When the first issue of The New Republic hit newsstands on 7 November 1914, it sold a mere 875 copies. After the first year, the number ballooned to 15,000, hitting a wartime high of 43,000 copies (when the U.S. population was about one-third of what it is today), favored mostly by young intellectuals – white, educated and well-to-do. But these glory days were shortlived. By 1924, The New Republic filed for bankruptcy. It soon revived and began publishing again, Croly remaining at the editorial helm until his death in 1930, but some believed that the magazine was never the same as in the early years.
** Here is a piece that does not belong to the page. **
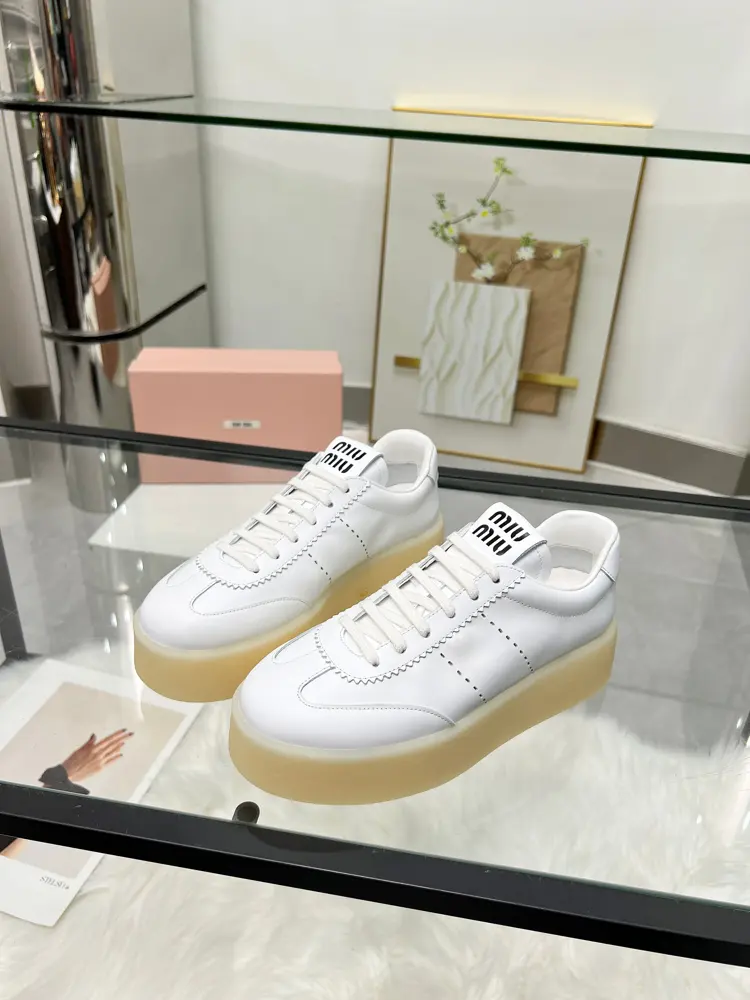 Miu Miu Miu casual white shoes are so beautiful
In 1930, Croly was replaced by Bruce Bliven as editor-in-chief of the publication, and later by Henry A. Wallace, a central figure in Democratic Party politics. Wallace led the magazine to its first post-war peak performance years, achieving a circulation of nearly 100,000 – double the circulation when he jumped on as editor – but, reportedly, with some significant financial losses. Whether or not The New Republic was as culturally and politically significant as it was in its beginning, the Wallace years were arguably the second glorious phase of the magazine. Wallace – having had some disagreements with then-publisher of the magazine, Michael Whitney Straight, son of Willard Straight and Dorothy Payne Whitney – resigned in December of 1947 to run for the U.S. presidency in the 1948 election on the Progressive Party ticket, though he achieved less than 2.4 percent of the vote in the general election. Michael Whitney Straight filled the editorial shoes Wallace left vacant.
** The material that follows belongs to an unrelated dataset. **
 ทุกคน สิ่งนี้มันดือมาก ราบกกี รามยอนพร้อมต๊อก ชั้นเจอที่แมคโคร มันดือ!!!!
In the 1950s, circulation again took a significant plunge. In 1953, Gilbert Harrison purchased the publication. According to a New York Times obituary, during much of Harrison’s tenure the publication operated at a loss: “You can say losses ranged from about $200,000 to $50,000 a year.” The publication during these years, which stretched from 1953 to 1974, was a supporter of the Civil Rights Movement, a defender and then a critic of the War in Vietnam and a champion of Eugene McCarthy over Hubert Humphrey in the 1968 presidential election. By the early 1970s, Harrison brought TNR’s circulation back up to the 100,000 range.
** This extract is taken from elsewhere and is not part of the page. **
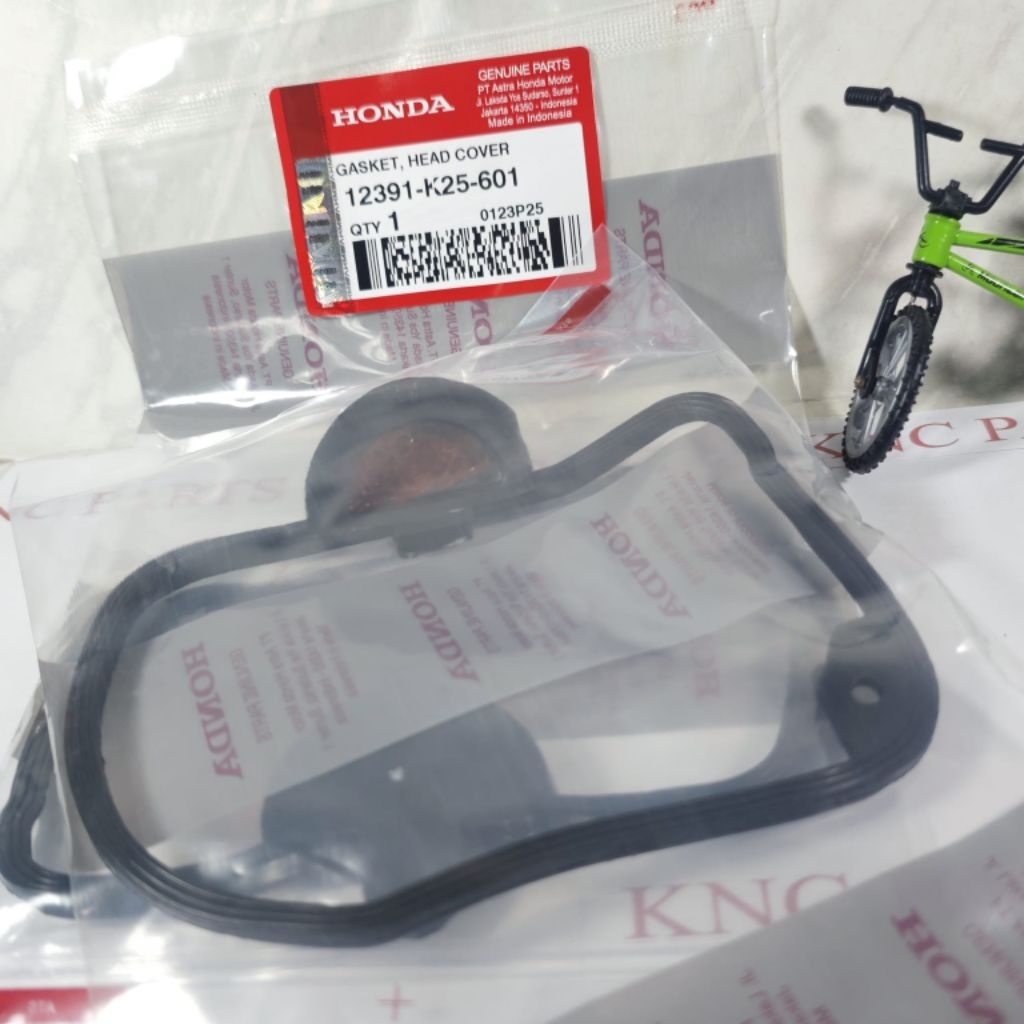 Gasket Head Cover Honda Beat eSP K25 BeAT eSP K81  Vario 110 eSP Scoopy K93 12391-K25-601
But after more than 20 years as owner, Harrison sold the then fiscally sound magazine to Martin Peretz, a Harvard social studies lecturer and husband of Anne Labouisse Farnsworth, heiress to the Singer Sewing Machine fortune. Peretz purchased the magazine for $380,000 and agreed to keep Harrison on as editor-in-chief for three years, until 1977, though disagreements between the two led to a premature split just one year after Peretz acquired the magazine. Many of the esteemed staff either quit or were replaced, and while the voice of The New Republic gradually shifted rightwards, its relevance and stability remained relatively intact during most of the Peretz years.
The Peretz Years
Martin Peretz has been described as belligerent, bigoted, loyal, argumentative, generous, and, perhaps, most fittingly, controversial. He acquired The New Republic when it was in good standing and circulation remained in the 90,000 to 100,000 range throughout most of his tenure as publisher. According to Peretz, though, the magazine fluctuated back and forth between the black and the red for many of the years of his ownership.
It took a significant plunge throughout the 2000s, during which time Peretz served as editor-in-chief, though he held only a minority stake in the ownership of The New Republic. As per the Alliance for Audited Media, TNR’s circulation peaked in 1993, during Andrew Sullivan’s early years as editor. At that time, circulation was more than 102,000, and that year the publication also earned its highest profit: $175,000.
At the start of 2000, the magazine’s circulation was more than 100,000, but it plunged by 13 percent the following year, taking another dip of nearly 26 percent by 2003, at a time when the magazine was supporting the War in Iraq.
The Nation, a liberal publication with a longer history and a stance traditionally to the left of The New Republic, saw a growth in circulation during the same time that TNR lost readers (actually hitting peak circulation figures during the same time that TNR was on the decline), suggesting the possibility that many readers abandoned the liberal magazine due to its right-leaning views on divisive foreign policy matters. At the same time, the conservative National Review’s circulation (which has been much higher than that of either TNR or The Nation) remained relatively stagnant; its editorial stances, of course, are a bit more predictable within the existing boundaries of conservative ideology.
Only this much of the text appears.